Thursday, March 22, 2012

Are Meinongian objects incomplete objects?

The Maverick asks whether Meinongian objects are 'incomplete'? According to his definition, these are objects which have all and only the properties specified in their descriptions. For example, The Yellow Brick Road is described (in the story) as being yellow, but is not described as being coloured. So The Yellow Brick Road is yellow, because the property of being yellow is ascribed to it, but does have the property of being coloured. So Meinongian objects are 'incomplete'.

Which makes no sense to me. Every yellow object is coloured. Therefore there are no yellow objects which are not coloured. Therefore there is no 'incomplete object' such as Maverick has described. You object: Bill has described such an object, therefore there is such an object as Bill has described. I reply, the verb 'described' is logically intransitive. It takes a grammatical object, i.e. an accusative, but no logical object. 'S describes A' does not entail 'for some x, S describes x'. I can describe a yellow brick road, and perhaps I can even describe a road that is yellow but not coloured. But it does not follow that there is some yellow non-coloured object described by me, for no object is yellow but not coloured.

8 comments:

Borys said...

I wanted to ask about it at The Maverick, but it seems that BV has turned off commenting (?). So since you reply to his post, let me ask you about it. :)

What is Meinongian object, what is intentional object, and what is the relation between these two?

Thanks!

Edward Ockham said...

(1) A Meinongian object is by definition an object that does not exist.

(2) An 'intentional object' is by definition something which is the object of a desire, a wish, a thought etc, i.e. is the accusative of some mental state. Some intentional objects are also real objects. E.g. the person I was thinking about a minute, namely George Osborne. Some aren't, namely the fictional character I am now thinking about, namely Frodo Baggins.

On the relation between the two, obviously the latter sort (such as Frodo Baggins) are Meinongian.

Borys said...

Once again, thank you.
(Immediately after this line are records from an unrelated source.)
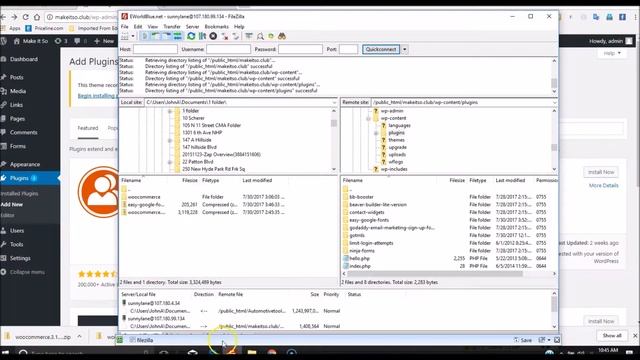 Install a Plugin in Wordpress Using FTP - Filzilla смотреть онлайн
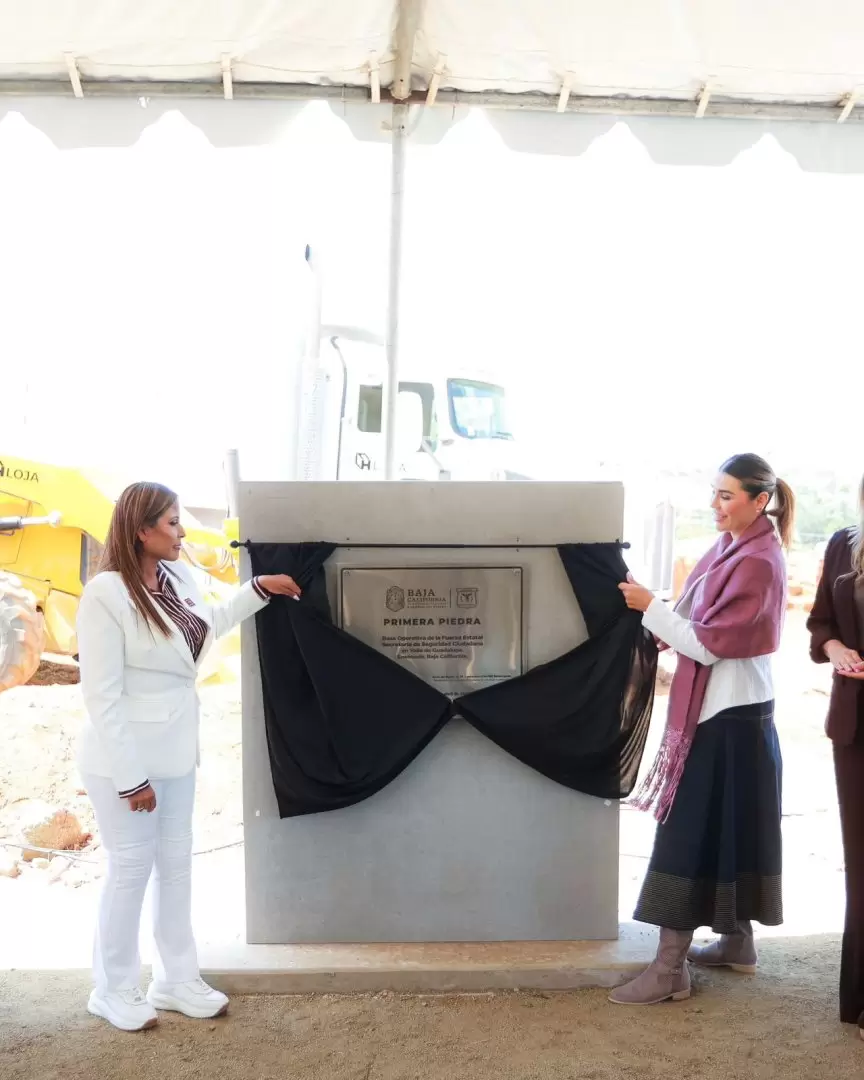 Coloca gobierno de Marina del Pilar primera piedra de nueva base de la FESC en Valle de Guadalupe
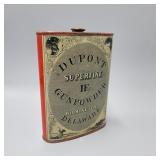 Antique Dupont Gunpowder Tin Antique Dupont Gunpowder Tin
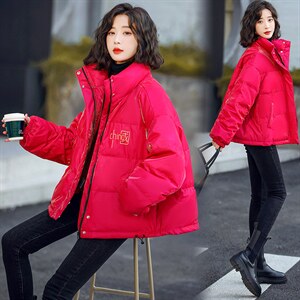 主打款亮面墨绿色羽绒服女新款小个子短款高端时尚90%白鸭绒图片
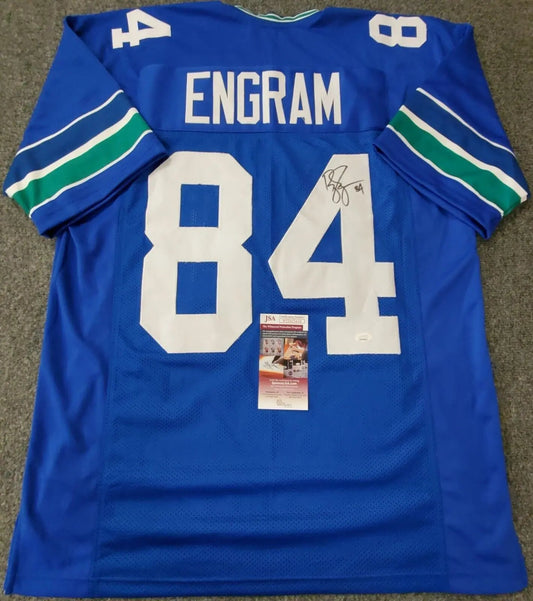 MVP Authentics Seattle Seahawks Bobby Engram Autographed Signed Jersey Jsa  Coa 80.10 sports jersey framing , jersey framing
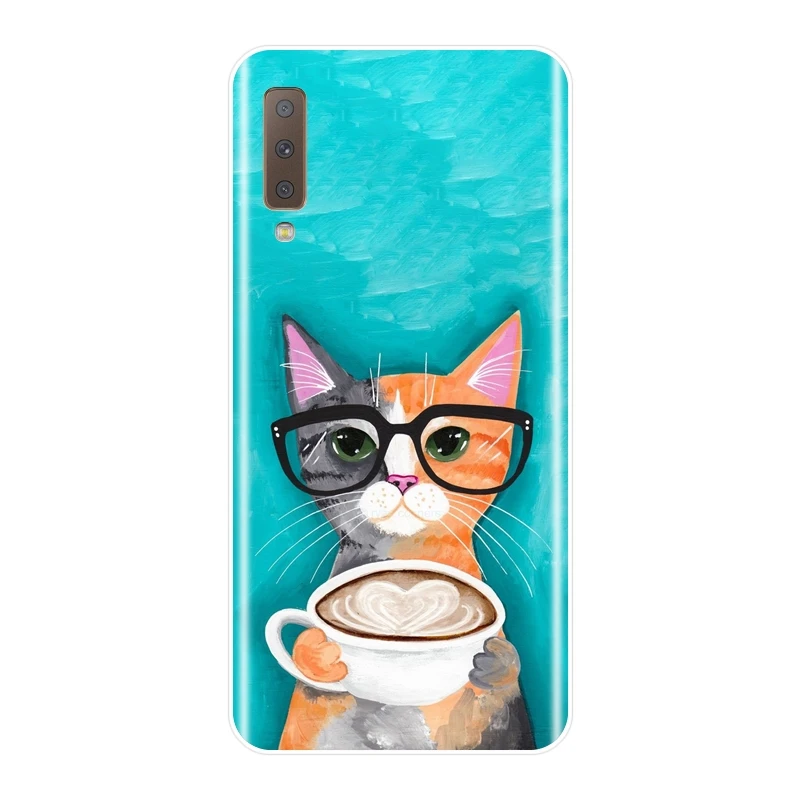 Мягкая задняя крышка для Samsung Galaxy A3 A5 A7 2016 2017 Розовый силиконовый чехол телефона с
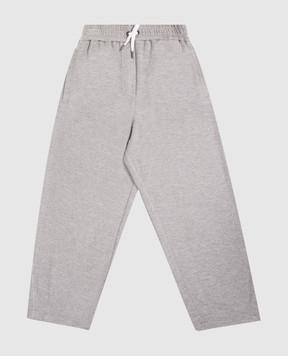 Brunello Cucinelli Дитячі сірі спортивні штани з люрексом BG930E651C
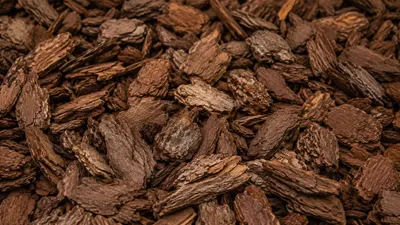 Pine bark mulch texture
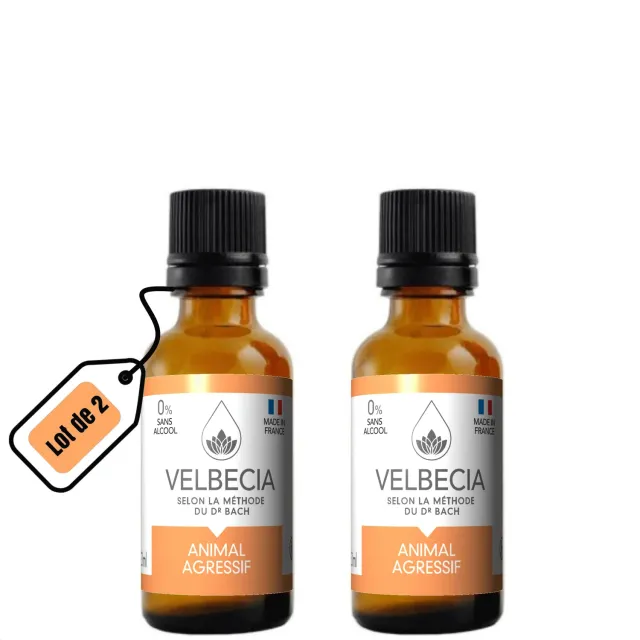 Velbecia Animal agressif élixir 2x30ml sans alcool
But does it mean that all Meinongian objects must be intentional?

Edward Ockham said...

>>Once again, thank you. But does it mean that all Meinongian objects must be intentional?


No - as already explained, I can think of George Osborne, so the object of my thought is him, so he is an 'intentional' object. But he is real, and so not Meinongian.
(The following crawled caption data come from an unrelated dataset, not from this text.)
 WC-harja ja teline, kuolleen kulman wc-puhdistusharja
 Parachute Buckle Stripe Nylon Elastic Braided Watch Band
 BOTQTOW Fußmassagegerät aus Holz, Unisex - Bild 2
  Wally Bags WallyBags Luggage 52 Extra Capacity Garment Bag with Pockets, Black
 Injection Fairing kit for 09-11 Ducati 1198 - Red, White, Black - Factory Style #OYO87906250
To be intentional is to be object of thought. To be Meinongian is to be nonexistent object of thought (according to this absurd theory).

Anonymous said...

Edward, your counterexample shows that not every intentional object is Meinongian, whereas Borys asks whether every Meinongian object is intentional.
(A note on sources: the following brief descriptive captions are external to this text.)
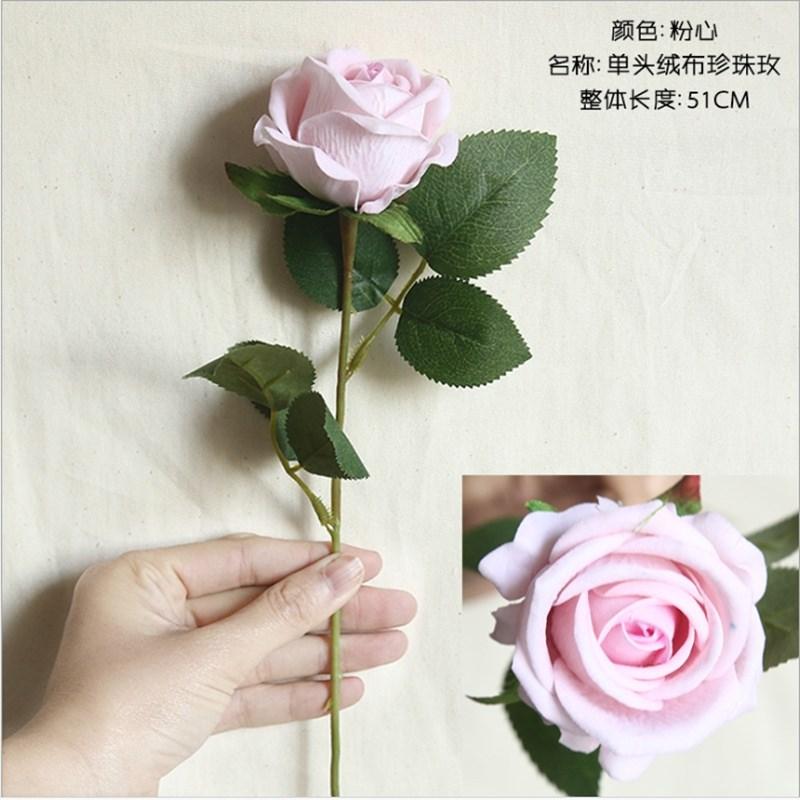 Artificial Flowers Silk Roses Festival Home Vase Decor Wedding Bridal Bouquet Outdoor Garden Bonsai Arch Holiday Party Diy Gifts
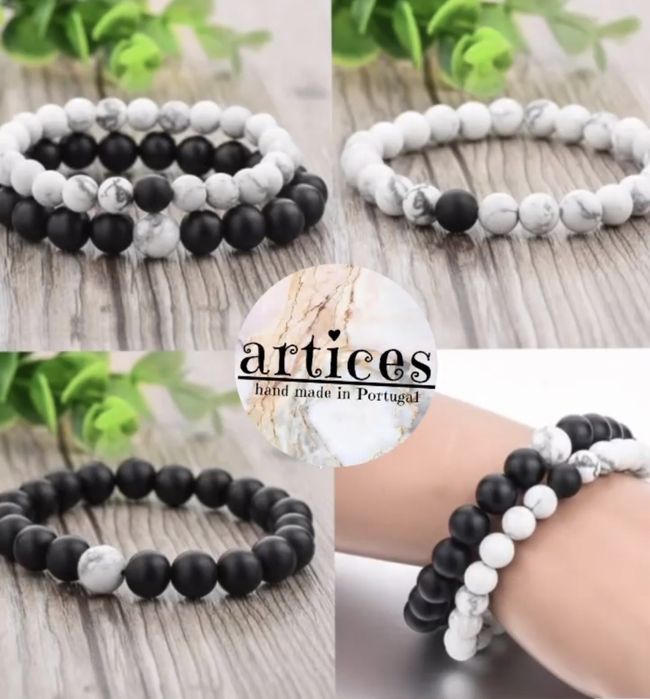 Pulseiras de pedras naturais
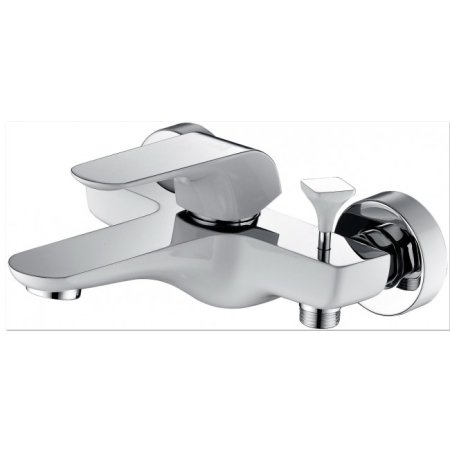 Смеситель для ванны Landberg LB-13204-D120CR+W Хром/Белый 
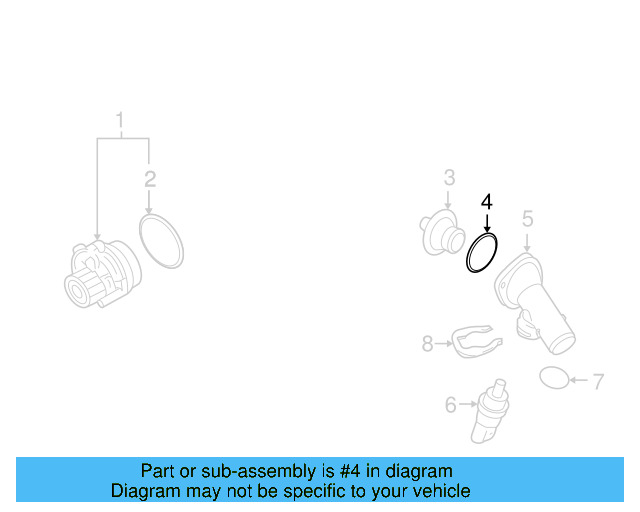 Engine Water Pump Housing O 038-121-119-B - View 8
The notion of incompleteness seems to implies so. To be incomplete means to have only the properties specified in the description. But that there is a description implies that there is a description-giver.

I have to say the notion of a non-existent object strikes me as an intellectual perversity.

Anthony said...

Speaking of absurd theories...

"Every yellow object is coloured."

But, a la "some men are not men", some yellow objects (e.g. the Yellow Brick Road) are not coloured. Some yellow objects are not yellow objects. Right?

Edward Ockham said...

>>But, a la "some men are not men", some yellow objects (e.g. the Yellow Brick Road) are not coloured. Some yellow objects are not yellow objects. Right?

Yes, quite.

Edward Ockham said...

>>Edward, your counterexample shows that not every intentional object is Meinongian, whereas Borys asks whether every Meinongian object is intentional.

You are right, my mistake. Is every Meinongian object intentional? That would be a good subject for a further post.